Es ist ja nicht so, dass Sachsen in den vergangenen Jahren nicht gespart hätte auf Teufel komm raus. Doch der Doppelhaushalt, den die Minderheitsregierung aus CDU und SPD jetzt vorgelegt hat, schneidet selbst da in die Finanzierung, wo frühere Landtage um ein bisschen Fortschritt gerungen haben. Wie bei der Bahnanbindung Leipzig–Chemnitz, deren Elektrifizierung jahrelang vertrödelt wurde. Jetzt sorgen Streichungen ausgerechnet zu diesem Projekt im neuen sächsischen Haushalt für Kopfschütteln.

Angesichts einer möglichen Sparvariante auf der Bahnstrecke Leipzig-Chemnitz zeigen sich Grünen im Sächsischen Landtag und aus den Stadträten in Leipzig und Chemnitz besorgt. Einige Zeitungen wie die „Freie Presse“ in Chemnitz berichteten, dass durch geringer eingestellte Planungsgelder im Landeshaushalt womöglich der eingleisige Abschnitt länger wird, als im vergangenen Jahr vereinbart.

Die Bahnstrecke ist für vor allem für die überregional pendelnde Bevölkerung der Städte Chemnitz und Leipzig neben jenen nach Dresden und Halle (Saale) eine der bedeutenden Achsen von und nach Leipzig bzw. von und nach Chemnitz.
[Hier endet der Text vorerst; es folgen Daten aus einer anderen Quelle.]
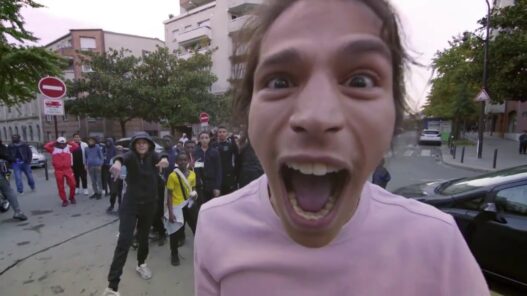 Moha La Squale – De Fleury à Warner, l’ascension fulgurante du phénomène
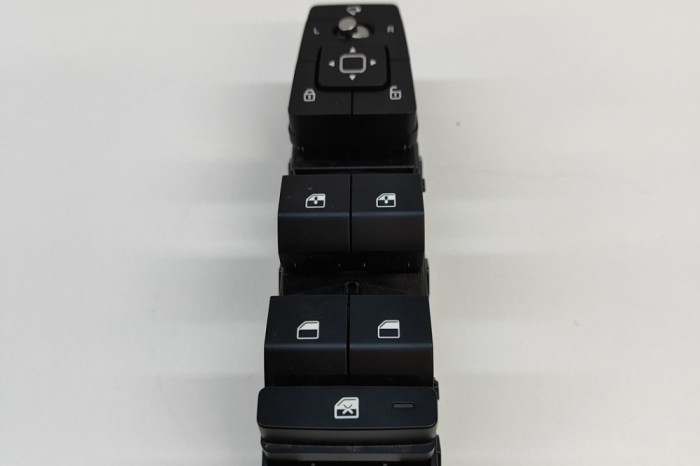 Buton geam ușă dreapta față KIA EV6 CV 2023 OEM: 93571-CV870 21738098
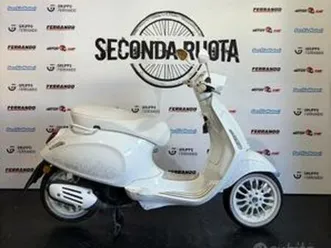 vespa 125 sprint justin bieber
Schon 2024 sorgte für Unverständnis, dass ein 2,6 Kilometer langer Abschnitt auf der Strecke eingleisig bleiben soll. Die Deutsche Bahn hatte freilich auch da schon gewünscht, einen wesentlich längeren Abschnitt eingleisig zu lassen, um Gelder zu sparen. Doch nun scheint genau dieses Szenario zu drohen.

„Nach den Berichten über die teils chaotischen Zustände auf der Bahnstrecke Leipzig–Chemnitz setzt eine mögliche Sparvariante beim dringend benötigten Ausbau dem Ganzen die Krone auf“, kommentiert Katja Meier, verkehrspolitische Sprecherin der Fraktion Bündnis 90 / Die Grünen im Sächsischen Landtag, den Vorgang.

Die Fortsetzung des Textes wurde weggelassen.